Typically, the General Data Protection Regulation, or GDPR, is considered a burden imposed upon us by the EU. Yes, implementing it is indeed a considerable challenge for every organization that handles personal data. But that is not the whole truth.

It is more useful and encouraging to look at the implications of GDPR as a business opportunity. This way your scope will not be limited to seeing just a pile of tasks that must be done in order to comply. Instead, with each step towards compliance you should constantly keep the customer in your focus: How can I improve the customer experience through the things I do?

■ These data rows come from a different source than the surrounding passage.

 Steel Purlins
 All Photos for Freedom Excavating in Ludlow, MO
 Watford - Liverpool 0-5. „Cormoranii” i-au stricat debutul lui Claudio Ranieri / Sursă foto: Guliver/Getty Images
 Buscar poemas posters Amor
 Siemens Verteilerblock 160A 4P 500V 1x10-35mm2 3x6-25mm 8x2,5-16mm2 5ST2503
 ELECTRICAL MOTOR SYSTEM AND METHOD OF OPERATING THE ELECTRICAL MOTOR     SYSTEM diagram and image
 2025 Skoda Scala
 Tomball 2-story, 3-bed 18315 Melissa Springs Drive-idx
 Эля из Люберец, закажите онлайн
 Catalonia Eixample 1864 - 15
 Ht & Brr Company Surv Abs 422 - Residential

1. Empower and build trust

Currently, you may still have a less than perfect way to inform your customers how you collect, handle, and store their personal data. Under GDPR, you are required to ask for explicit consent and clarify how you use the customers’ data and make sure it always remains secure.

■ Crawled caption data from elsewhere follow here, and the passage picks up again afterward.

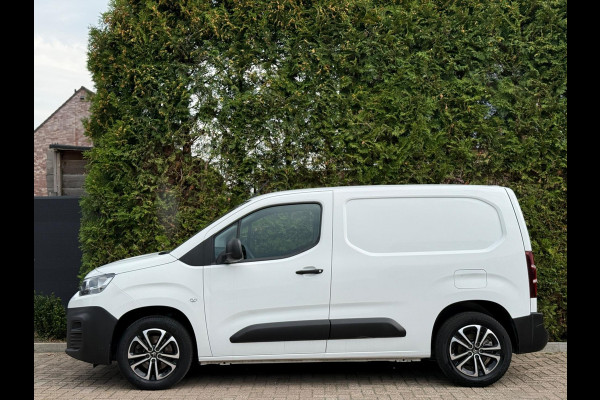 Citroën Berlingo 1.2 PureTech CarPlay Camera BTW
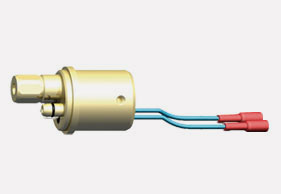 Central Connectors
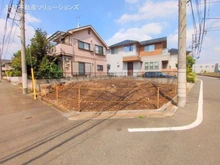 【東京都/小平市花小金井】小平市花小金井2丁目 土地 現地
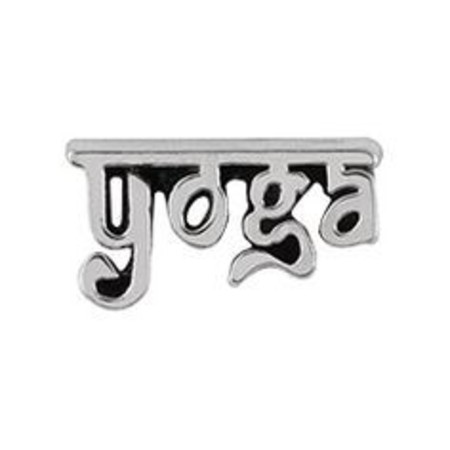 Charm - Yoga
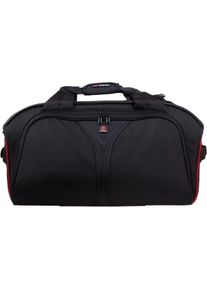 Caruba Velvex 1 (Groot) (Kamera Schultertasche), Kameratasche, Schwarz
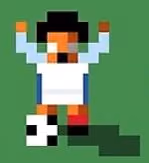 Sensible Soccer Pl#5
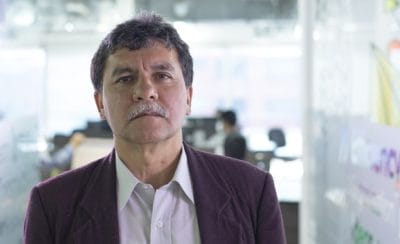 Entrevista a Carlos Cataño Trejos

On top of that, you should let customers review their data anytime they like, ask for updates of their data and even allow full erasure upon request.

Turn these tough requirements into new strengths.  

Empower your customers by proving them that they truly have ownership of their personal data. They will feel happy about your transparency.  

Compare this to the present situation: Way too often it is hard for the customer to even realize when their consent is asked or when they make a binding contract concerning their sensitive data and what will happen to it.

In this context, if your competitor appears obscure and vague, and gives the impression of being hideous, while you are transparent and empowering: isn’t it obvious which one of you will shine in the eyes of the customer?

Another thing to consider is trust. Each step you take to be compliant, including all the improvements you make to the security of personal data, helps you build trust. Communicating your compliance allows you to emphasize your trustworthiness as a partner.  

And reliability is the basis of all lasting relationships. By implementing GDPR your “trust ranking” may climb higher than ever before.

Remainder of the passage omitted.